The DAW can also be used to create Red Book (the audio CD standard) CD-R masters. The time between each selection, CD Start, Index, and Stop marks, is stored in a special file. The program can then use that image to burn a CD-R at twice the speed, in the background (while the computer is used for other work) using the SCSI ports of the computer and the CD recorder.

4. Digital Noise Reduction

Noise reduction/removal is a function which is simply not possible with any fidelity in the analog domain. It is most needed for older, noisy media, such as 78-rpm discs, although the result is no less dramatic with quieter media. Three classes of noises are found on sound recordings: transient noises such as clicks, crackle and hiss.

The National Library's Recorded Sound Studio houses a CEDAR (Computer Enhanced Digital Audio Restoration) system which can remove or reduce these imperfections: the DC-1 De-Clicker, the CR-1 De-Crackler and the DH-2 De-Hisser. These units are based on twin 40-bit (1 099 511 627 776 possible values!) floating point processors which process sound in real-time (there is no waiting while the units are calculating the results). CEDAR, which was jointly developed by the British Library National Sound Archive and Cambridge University's Engineering Department, is the single most important development in the field of audio conservation/restoration.

4.1 De-Clicking

The result of removing high frequency, high-energy transient noises, such as clicks and pops, is immediately apparent.
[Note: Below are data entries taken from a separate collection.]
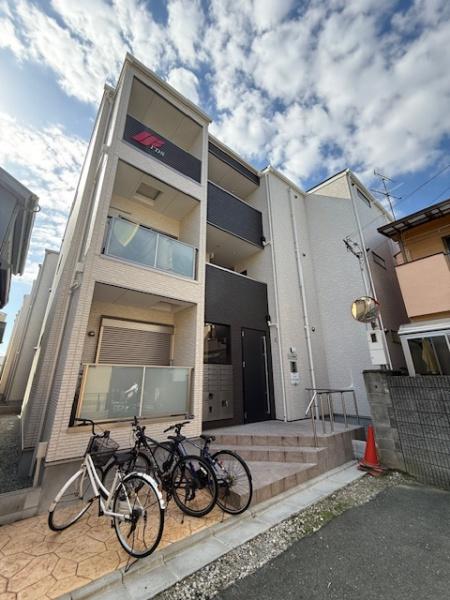ルミエール鴻池新田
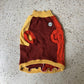 Lonewolf Knit - Mufasa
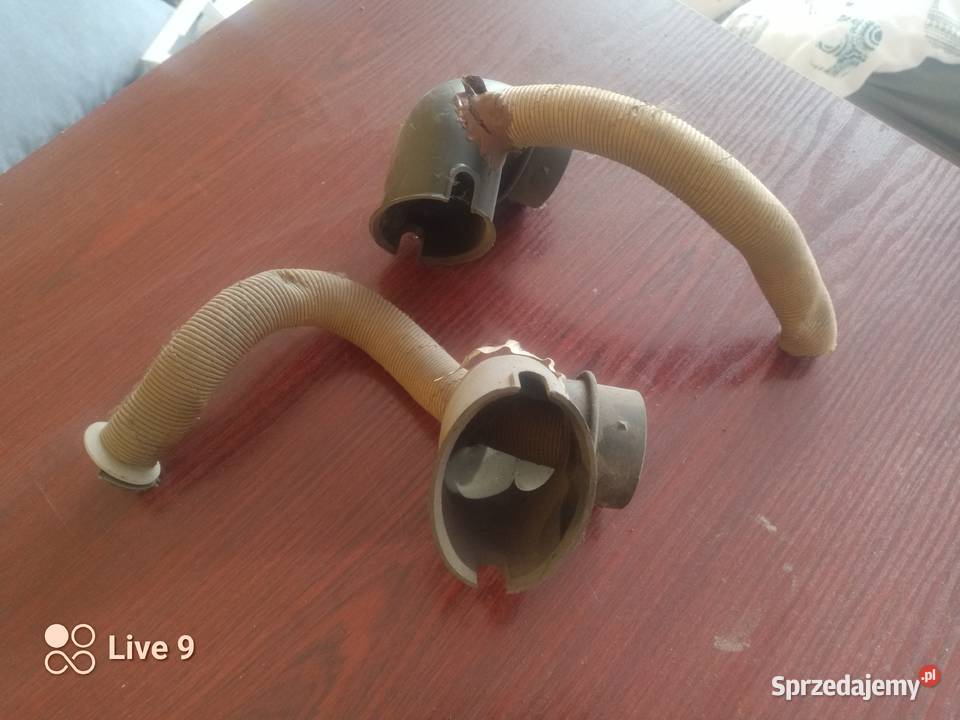 Mercedes g klasa 463 kanały nawiewu Kocmyrzów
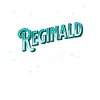 Reginald Nom Personnalisé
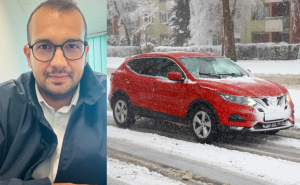 Direktor RAD-a odgovorio na kritike: "Snijeg nas nije iznenadio, oprema nam je stara"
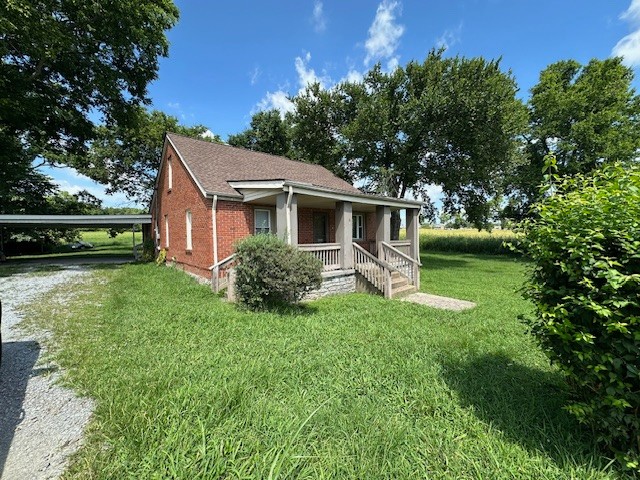124 Sanders Ferry Road Hendersonville TN 37075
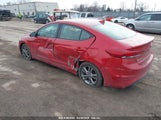 HYUNDAI ELANTRA SE 5NPD84LF9HH099255 снимка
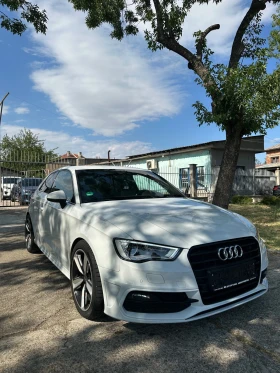 Обява за продажба на Audi A3 2.0 DIESEL S-LINE GERMANY ~21 300 лв. - изображение 1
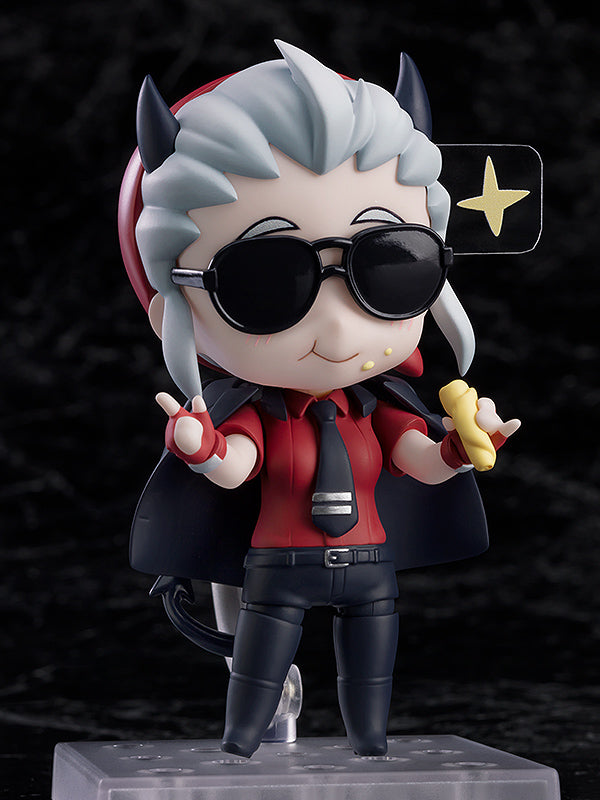 1884 Helltaker Nendoroid Justice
The DC-1 removes both clicks and any underlying music. It then re-creates the missing sound wave by analyzing pre- and post-click samples and interpolating the results using high order algorithms. The number of samples that the DC-1 examines depends on the length of the click. A short click requires fewer samples (10) than a longer pop (60 to 200) to rebuild the sound wave. The De-Clicker can remove up to 2 500 clicks per second per channel in real-time.

4.2 De-Crackling

Crackle is a burst of short, small spikes which is added to the original sound by poor record surface quality, buzzing caused by improperly wired or grounded equipment, or distortion caused by overloading amplifier mixer outputs or digital clipping. These all add harshness to the sound. Crackle is a more subtle and difficult form of noise to remove than a click. The De-Crackler addresses this problem by dividing the input signal into "genuine" signal and "crackle/distortion" signal (the ratio is determined by the operator) and working solely on the signal with crackle. First, the operator must set the crackle mode to either Crackle 1 (sharp and well defined) or Crackle 2 (‘grungy' and not so well defined). Then the operator sets the amount of crackle that the CR-1 is required to remove. Finally the signal is recombined. The CR-1 can have a detrimental effect on the sound if not adjusted properly.

4.3 De-Hissing

Hiss is quite obvious to a human listener but is far more difficult for to a machine to detect. Therefore, it is harder to remove than a sharp click or crackle. The DH-2 removes hiss by analyzing the tonal, transient and ambiance content of the signal at hundreds of frequency bands and removing the frequency bands when it does not detect any musical signal. The operator must first adjust the noise level parameter, giving the DH-2 a rough idea of the amount of noise present in any given signal. Next, the operator must adjust the Attenuation, which sets a maximum limit on the amount of noise that the DH-2 will remove at any given frequency. Finally, the operator must adjust the Brightness algorithm to preserve the appropriate amount of presence by controlling the speed at which the DH-2 will remove noise. The DH-2 is the most difficult CEDAR box to adjust properly and can have a very detrimental effect on audio quality if adjusted improperly.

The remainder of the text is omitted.